La principale fonction de ces mèmes aujourd’hui, qu’ils soient émis par le “commandement” des vaccins pharmaceutiques, le commandement de la “transition” monétaire avec la TMM, le commandement de la “transition” énergétique ou de la “transition” technocratique managériale mondiale, est de tracer une “ligne Maginot” – une frontière idéologique défensive, un “Grand récit” en quelque sorte – entre “la vérité” telle que définie par les classes dirigeantes et toute autre “vérité” qui contredit leur récit. En d’autres termes, il s’agit de conformité.

Il était bien entendu que toutes ces transitions bouleverseraient les modes de vie de l’humanité, qui sont anciens et profondément enracinés et déclencheraient la dissidence – c’est pourquoi de nouvelles formes de “discipline” sociale seraient nécessaires (d’ailleurs, les dirigeants de l’UE appellent déjà leurs missions officielles des “commandements”). De telles disciplines sont actuellement testées en Europe – avec les mandats de vaccination (même si les scientifiques leur disent que les vaccins ne peuvent pas être la solution miracle à laquelle ils aspirent). Comme le fait remarquer un membre de la haute “loge”, favorable à une forme de gouvernance mondiale, pour faire accepter de telles réformes aux gens, il faut les effrayer.

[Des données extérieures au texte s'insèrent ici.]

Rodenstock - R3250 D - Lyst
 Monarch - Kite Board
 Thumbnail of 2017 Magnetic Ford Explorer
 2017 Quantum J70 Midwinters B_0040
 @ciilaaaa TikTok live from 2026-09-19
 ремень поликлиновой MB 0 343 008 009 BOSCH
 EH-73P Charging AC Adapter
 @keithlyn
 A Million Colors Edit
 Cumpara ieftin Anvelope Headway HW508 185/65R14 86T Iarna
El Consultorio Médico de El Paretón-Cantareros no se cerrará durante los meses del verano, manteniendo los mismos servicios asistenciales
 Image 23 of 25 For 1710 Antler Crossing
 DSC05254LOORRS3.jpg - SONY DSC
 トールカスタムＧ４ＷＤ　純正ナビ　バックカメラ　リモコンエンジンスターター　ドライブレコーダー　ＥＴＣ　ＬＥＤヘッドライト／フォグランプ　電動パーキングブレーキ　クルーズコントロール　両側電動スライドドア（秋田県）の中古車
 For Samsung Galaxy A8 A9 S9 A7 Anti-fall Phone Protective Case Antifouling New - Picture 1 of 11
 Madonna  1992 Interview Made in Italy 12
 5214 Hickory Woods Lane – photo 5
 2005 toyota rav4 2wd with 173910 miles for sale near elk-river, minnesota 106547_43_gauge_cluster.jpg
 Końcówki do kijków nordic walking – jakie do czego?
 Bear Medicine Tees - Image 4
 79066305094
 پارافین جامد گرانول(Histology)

Oui, l’ensemble des “transitions” doit avoir son “Grand récit global” – aussi creux soit-il (c’est-à-dire la lutte pour défendre la démocratie contre l’autoritarisme). Mais la nature de la guerre des mèmes culturels d’aujourd’hui fait que son contenu n’est guère plus qu’une coquille rhétorique, dépourvue de toute sincérité en son cœur.

Elle sert principalement de décoration à un projet d’“ordre supérieur” : la préservation des “règles de conduite” mondiales, conçues pour refléter les intérêts des États-Unis et de leurs alliés, en tant que base à partir de laquelle le processus de “transition” peut être développé en un ordre géré à l’échelle mondiale qui préserve l’influence de l’élite et le contrôle des principaux actifs.

Cette mème-politique artificielle et accréditée est là pour rester, et elle est maintenant “partout”. Elle a depuis longtemps dépassé les clivages partisans. Ce qu’il faut retenir ici, c’est que la mécanique de la mème-mobilisation est projetée, non seulement dans le “foyer” occidental (au niveau micro), mais aussi à l’étranger, dans la “politique étrangère” américaine (c’est-à-dire au niveau macro).

Et, tout comme dans l’arène domestique, où la notion de politique par la persuasion est perdue (avec des obligations vaccinales imposées par des canons à eau et la police anti-émeute), la notion de politique étrangère gérée par l’argumentation, ou la diplomatie, a également été perdue.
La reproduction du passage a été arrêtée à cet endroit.